You are given an array A consisting of N integers. We define **equilibrium index** as a number P such as:

0 <= P <N # A is zero-indexed

A[0] + A[1] + ... + A[P−1] = A[P+1] + ... + A[N−2] + A[N−1]

Note that the sum of zero elements is assumed to be equal to 0.

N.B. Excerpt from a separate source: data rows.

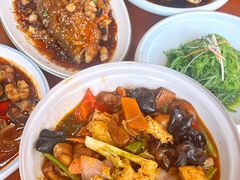 -坛南湾阿强农家乐.海鲜大排档老字号(福州地标美食店)
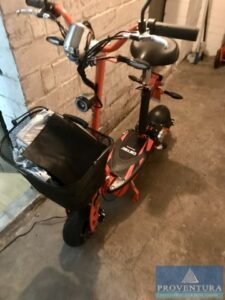 Read more about the article Insolvenzversteigerung: E-Roller  CHIHUI Typ CHES-A, Bj. 2020 – 38108 Braunschweig – 12.08.2024 – 11:00:00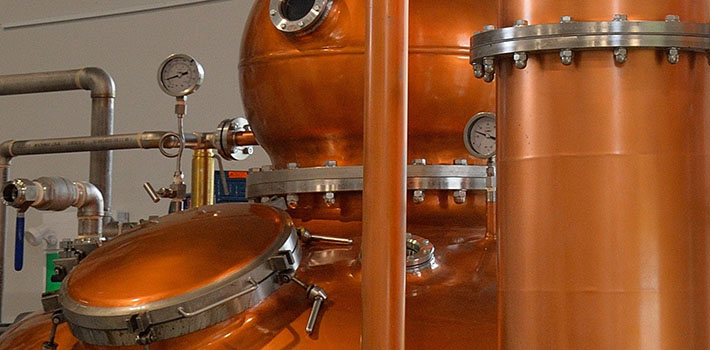 Stillus Craft Distillery – Ontario &#8211; Prince Edward County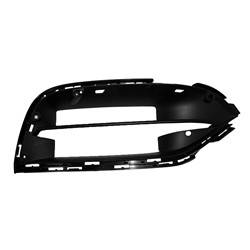 2019-2023 Mercedes C-Class Front Passenger's Lower Bumper Cover Grille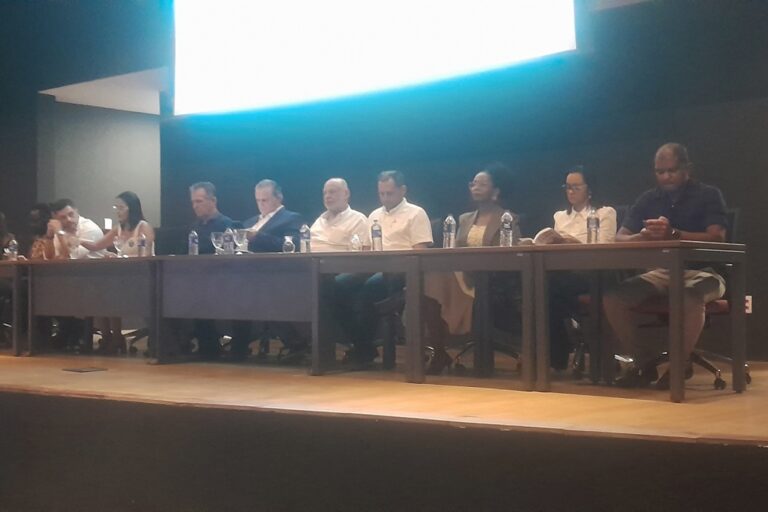 Secretaria da Mulher participa de encontro sobre empreendedorismo e economia solidária no SENAR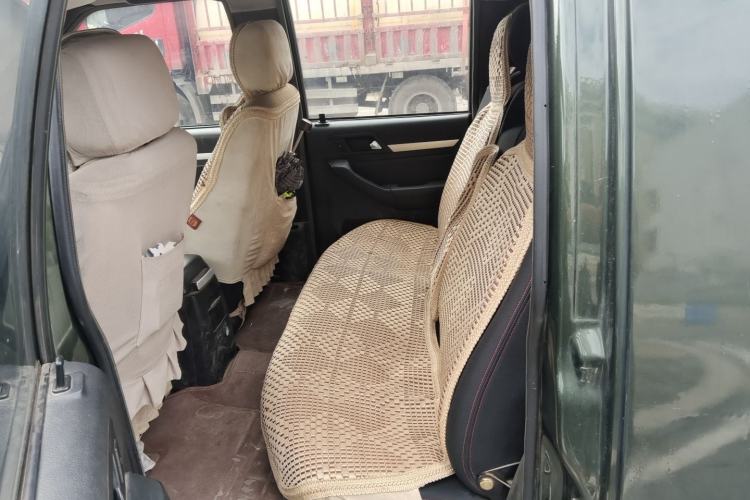 Used Isuzu Qingling T17  Left Rear Seat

`A = [9, -3, 5, -15, 4, 0, 7]`

P = 3 is an equilibrium index because

```
>>> 9 - 3 + 5 == 4 + 0 + 7
True
```

P = 6 is another equilibrium index:

```
>>> 9 - 3 + 5 - 15 + 4 + 0 == 0 # note that 6 is the greatest index of A
True
```

Write a function which takes the array as argument and returns the set of equilibrium indexes the array has. (As usual, an "array" can be any ordered collection of elements you want).

**Bonus points**

If your code's worst case space and time complexities are both O(N).

**Ayman****Member**

Here's a dirty one liner in Python, for each element in the list compare the sum of the left sub list with the right one.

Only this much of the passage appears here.